About this exercise:
Every line between the one containing "GAMINJA X7 Console" and the last line of the data, both included, is to be set down exactly, and pictures are to be omitted.

Given data:

· · · ·

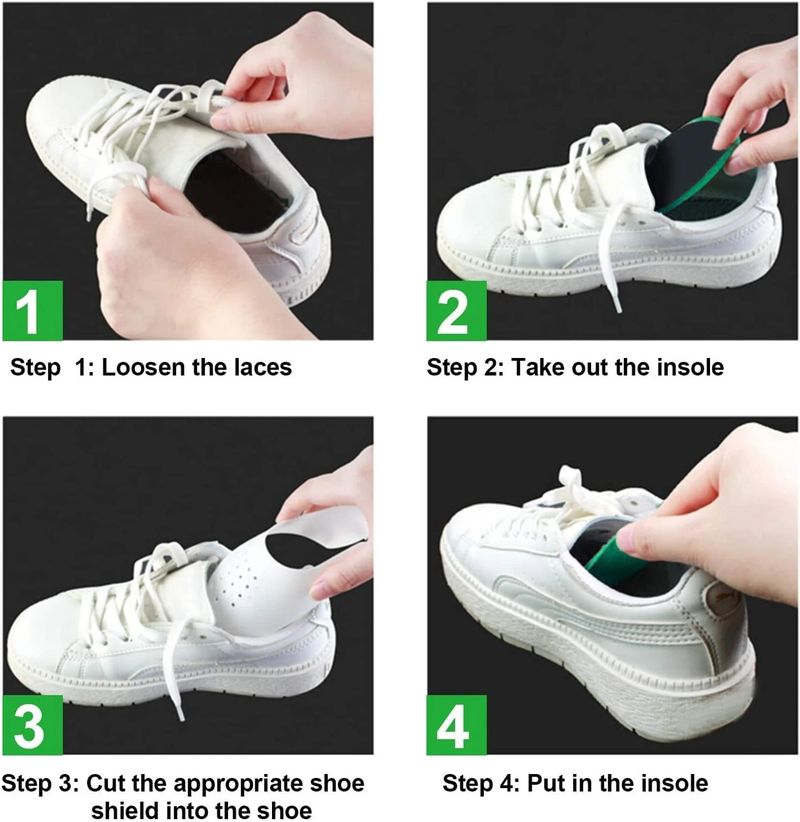 BOOGLE 2 Pairs Shoe Crease Defender - Image 6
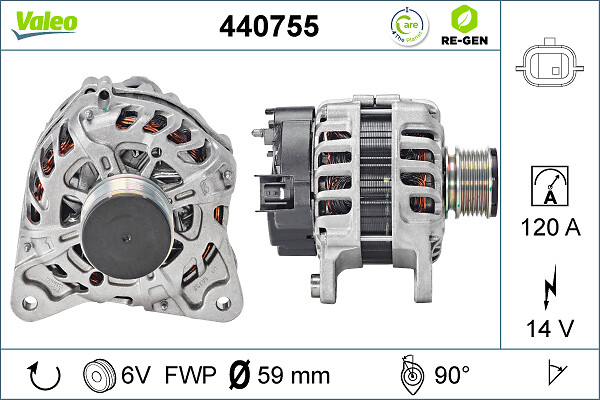 VALEO 440755 Generator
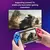 GAMINJA X7 Console de jogos portátil de 4,3 polegadas Tela IPS Player de videogame HD Console de jogos embutido 10000 jogos para GBA GBC NES GBC - RDSsilva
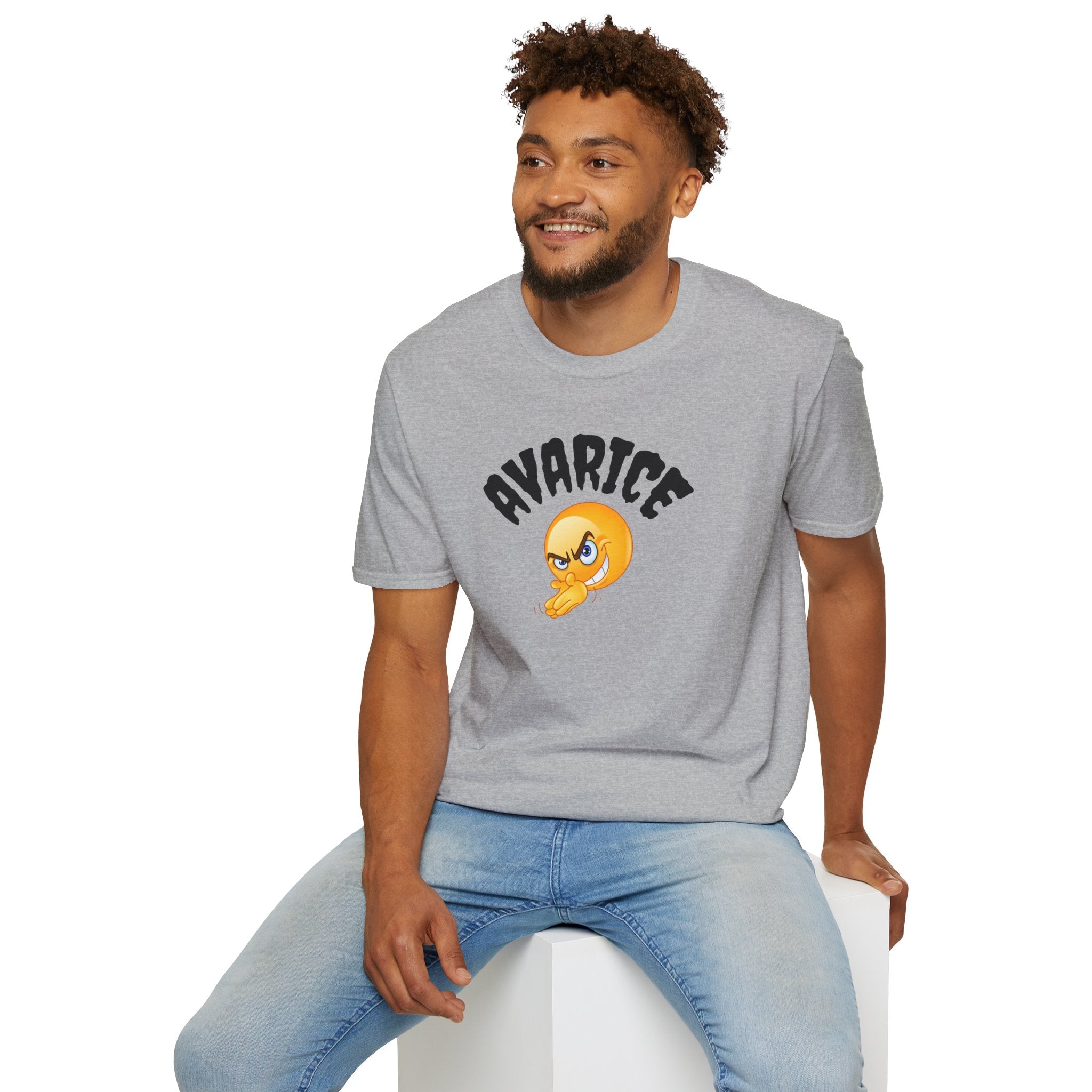 AVARICE Unisex Soft style T-Shirt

· · · ·

Exercise solution:
 GAMINJA X7 Console de jogos portátil de 4,3 polegadas Tela IPS Player de videogame HD Console de jogos embutido 10000 jogos para GBA GBC NES GBC - RDSsilva
 AVARICE Unisex Soft style T-Shirt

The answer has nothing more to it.